## Supplied data
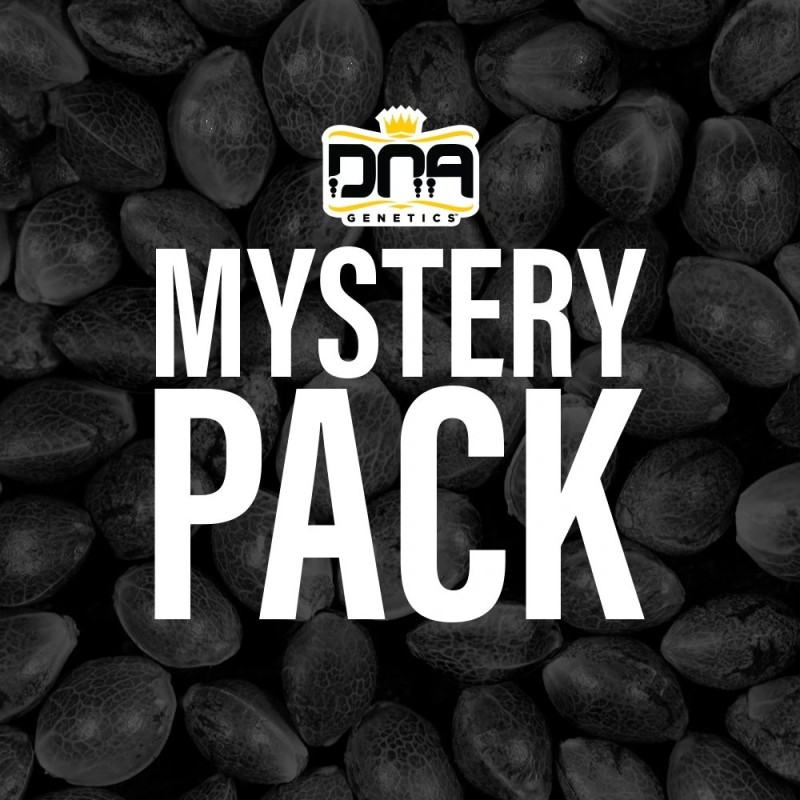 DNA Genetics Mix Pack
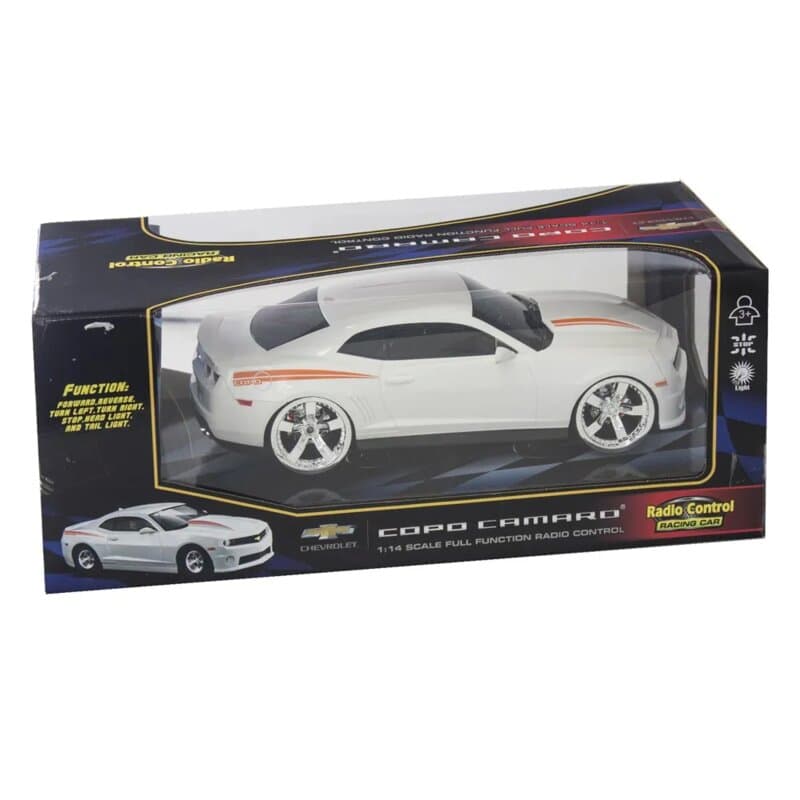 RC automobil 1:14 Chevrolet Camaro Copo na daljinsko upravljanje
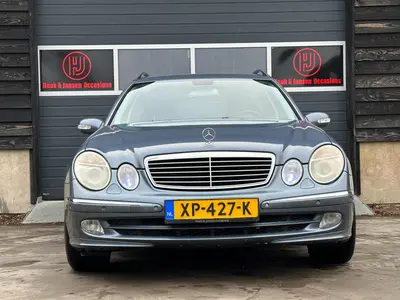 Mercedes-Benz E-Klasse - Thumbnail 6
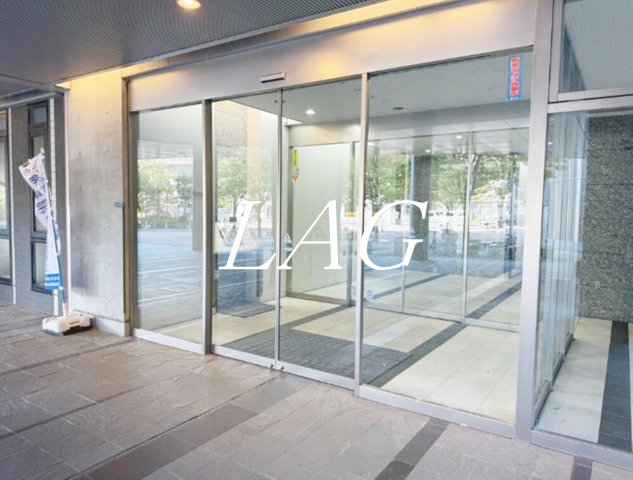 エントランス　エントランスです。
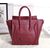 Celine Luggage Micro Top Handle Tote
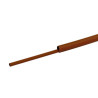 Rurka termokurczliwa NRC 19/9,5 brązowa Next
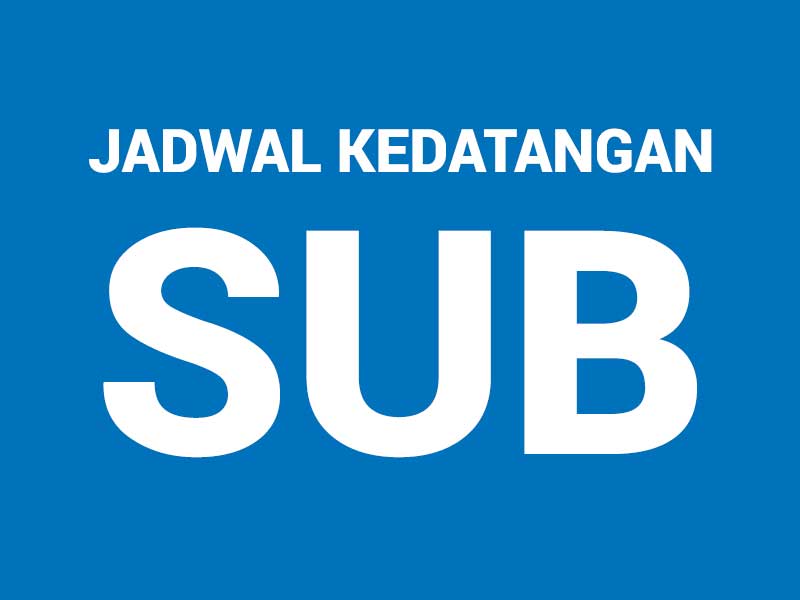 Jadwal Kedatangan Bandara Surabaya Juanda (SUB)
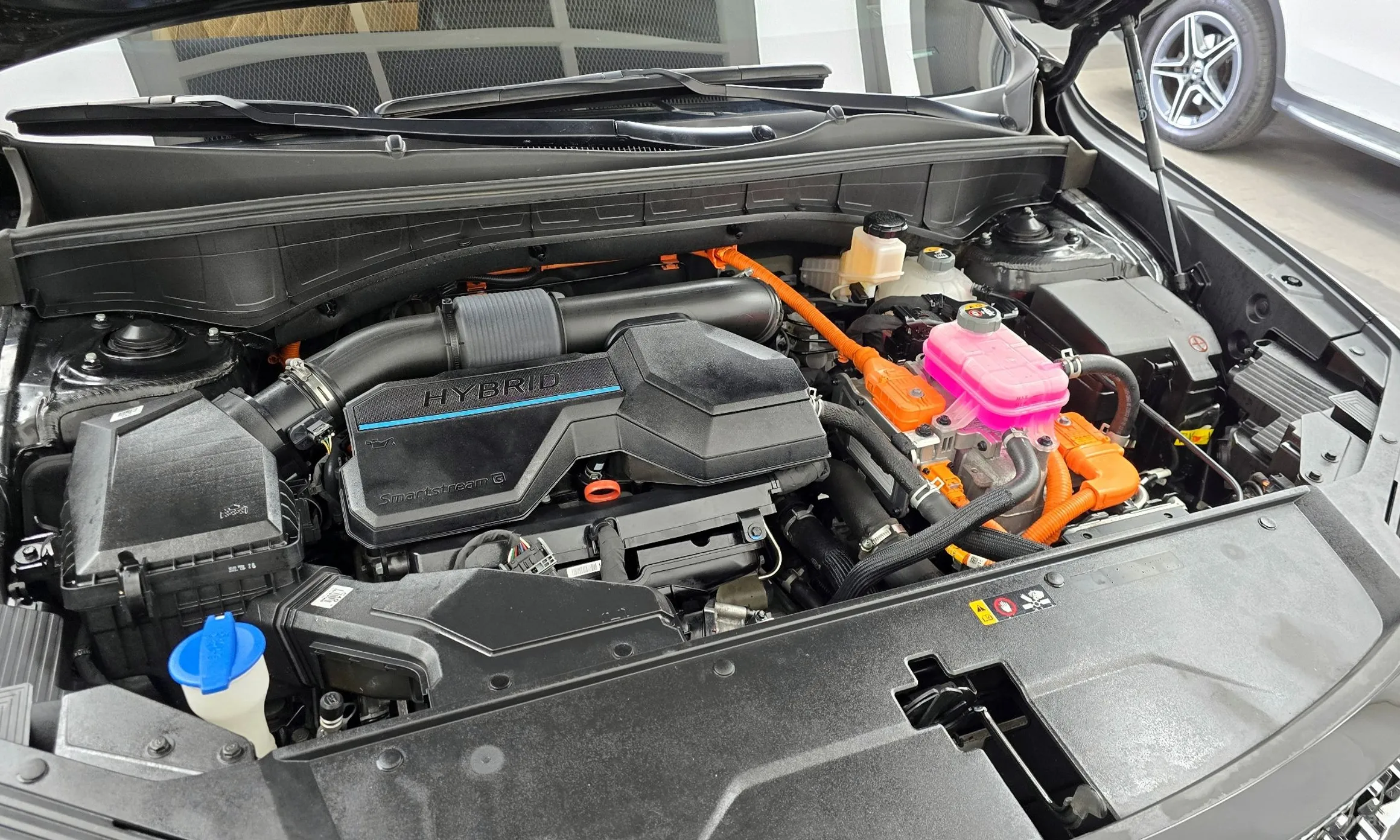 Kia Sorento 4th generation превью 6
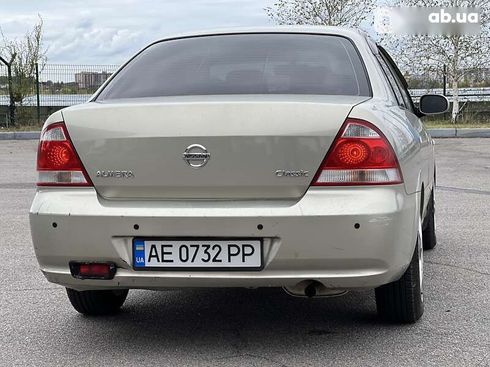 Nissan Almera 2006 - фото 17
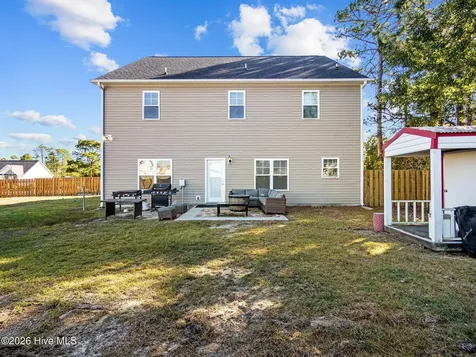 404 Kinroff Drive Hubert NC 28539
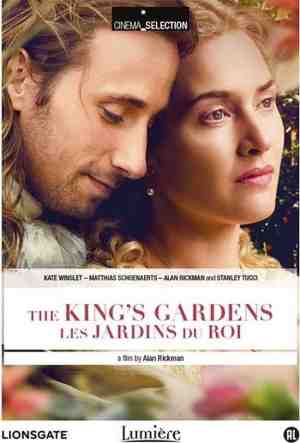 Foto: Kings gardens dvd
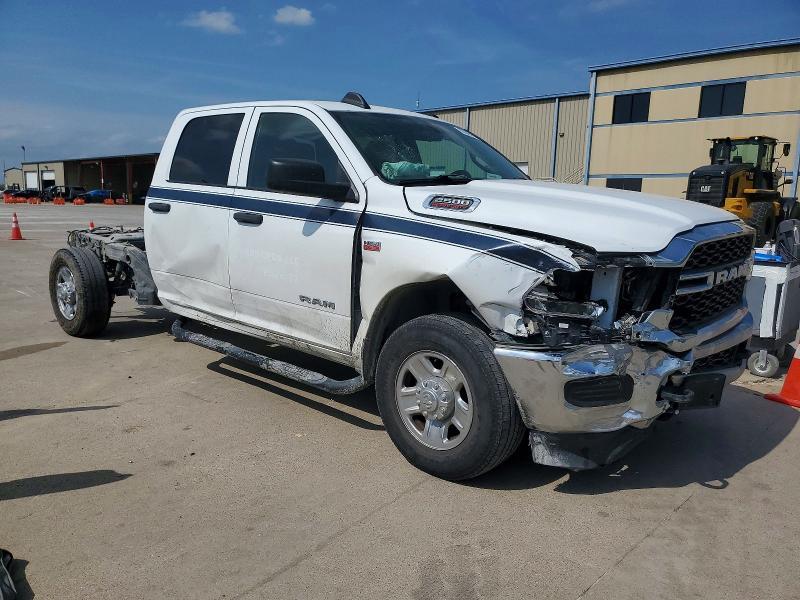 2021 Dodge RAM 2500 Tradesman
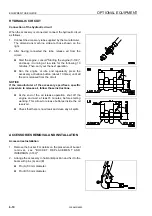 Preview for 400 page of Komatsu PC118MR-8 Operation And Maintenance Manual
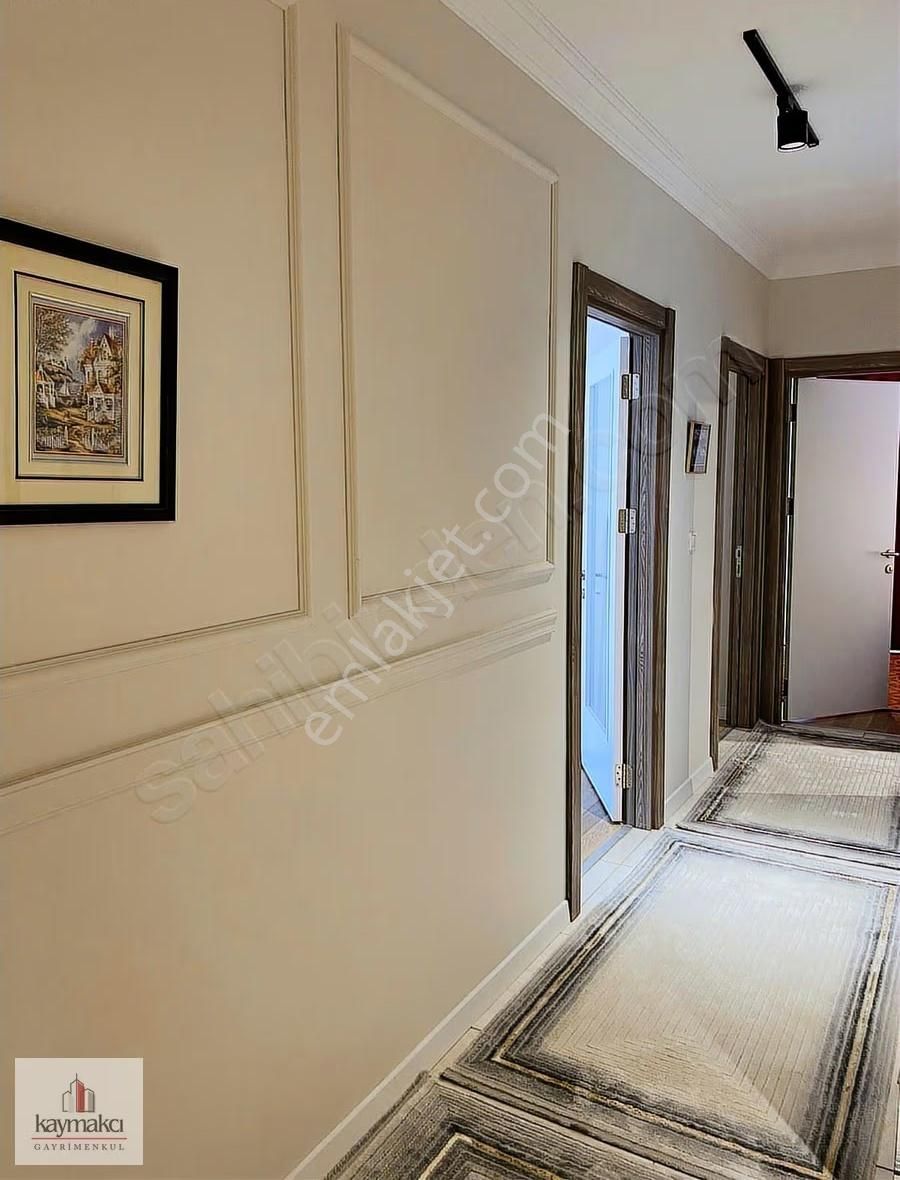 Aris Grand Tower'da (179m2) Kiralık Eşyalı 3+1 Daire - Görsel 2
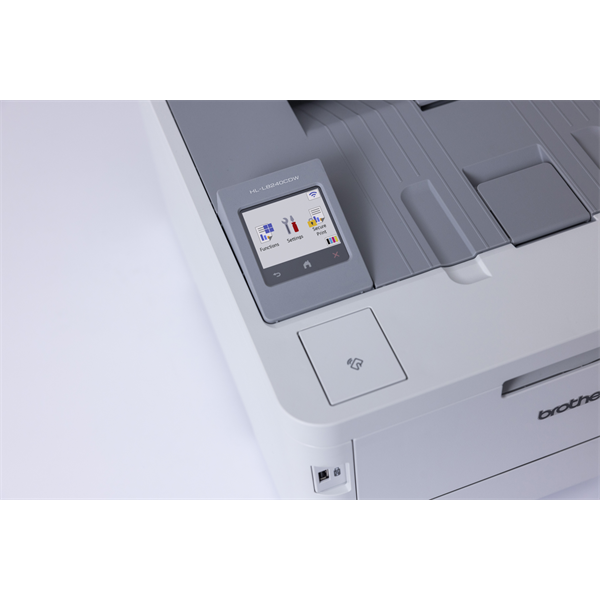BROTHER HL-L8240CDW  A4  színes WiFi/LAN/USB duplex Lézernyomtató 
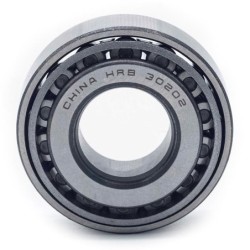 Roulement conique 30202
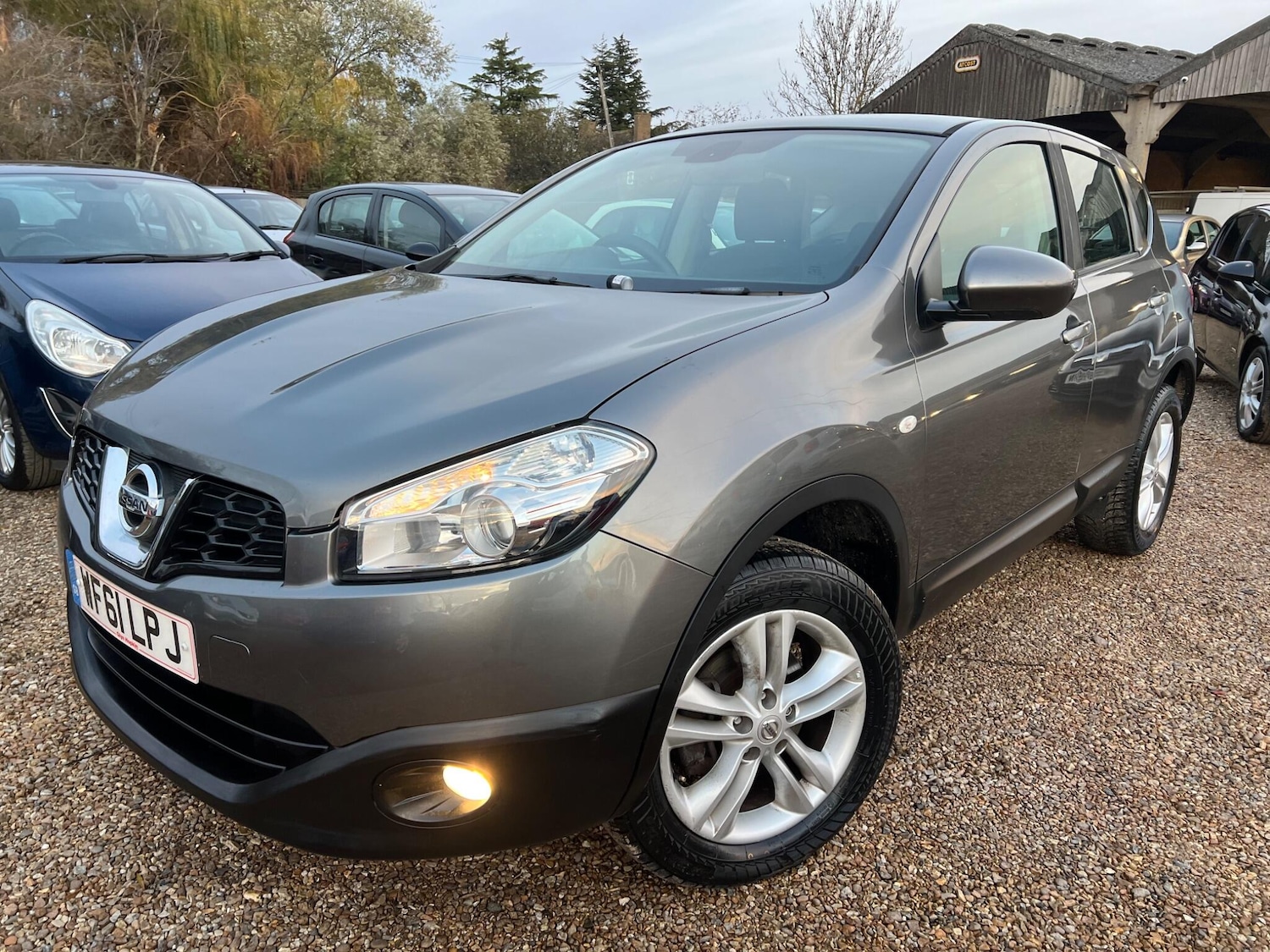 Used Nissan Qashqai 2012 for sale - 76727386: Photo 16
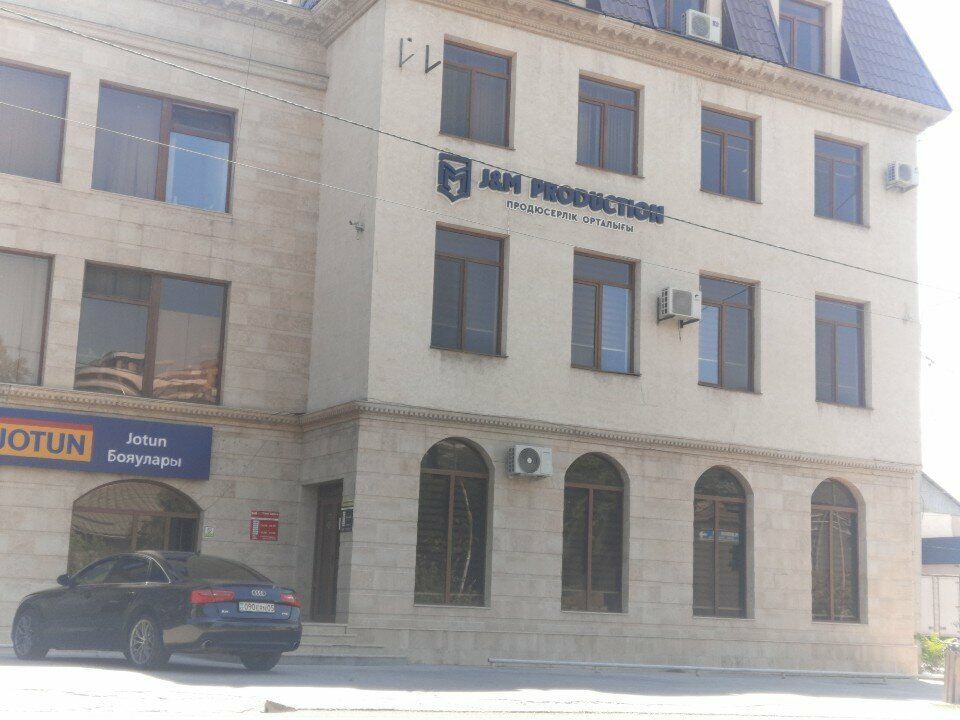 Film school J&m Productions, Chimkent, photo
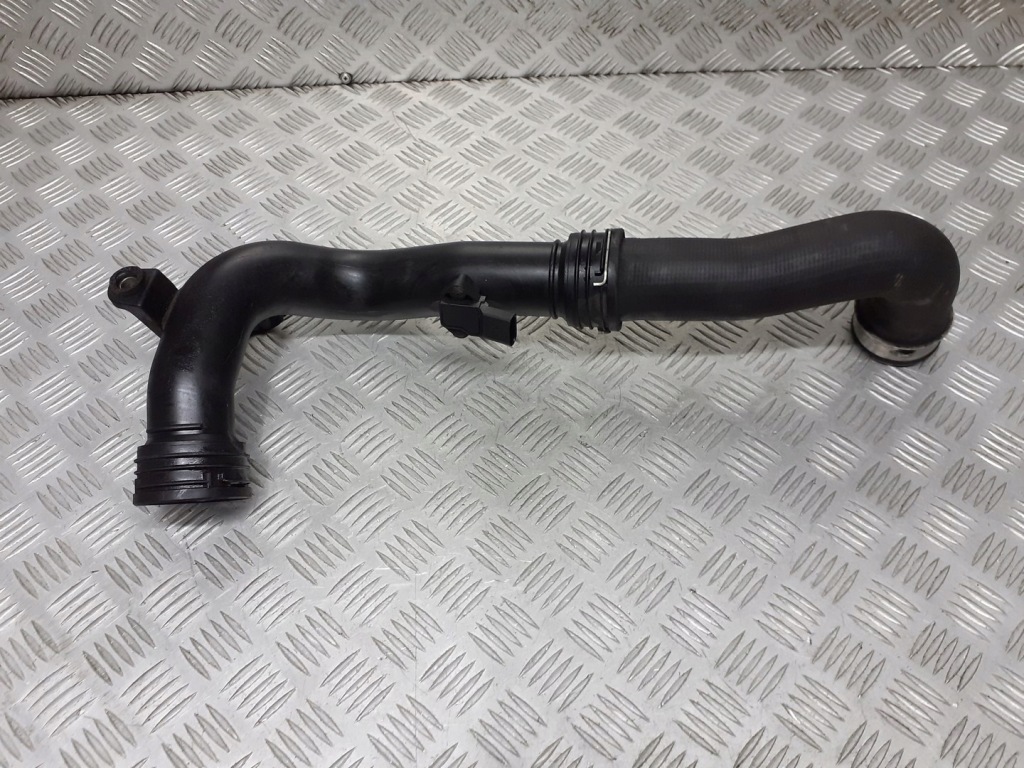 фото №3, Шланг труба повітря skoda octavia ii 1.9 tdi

## Task requirements
Copy exactly the lines from the one containing "Nissan Almera 2006 - фото 17" through the last line of the records above, including both, and omit every picture.

## Completed task
 Nissan Almera 2006 - фото 17
 404 Kinroff Drive Hubert NC 28539
 Foto: Kings gardens dvd
 2021 Dodge RAM 2500 Tradesman
 Preview for 400 page of Komatsu PC118MR-8 Operation And Maintenance Manual
 Aris Grand Tower'da (179m2) Kiralık Eşyalı 3+1 Daire - Görsel 2
BROTHER HL-L8240CDW  A4  színes WiFi/LAN/USB duplex Lézernyomtató 
 Roulement conique 30202
 Used Nissan Qashqai 2012 for sale - 76727386: Photo 16
 Film school J&m Productions, Chimkent, photo
 фото №3, Шланг труба повітря skoda octavia ii 1.9 tdi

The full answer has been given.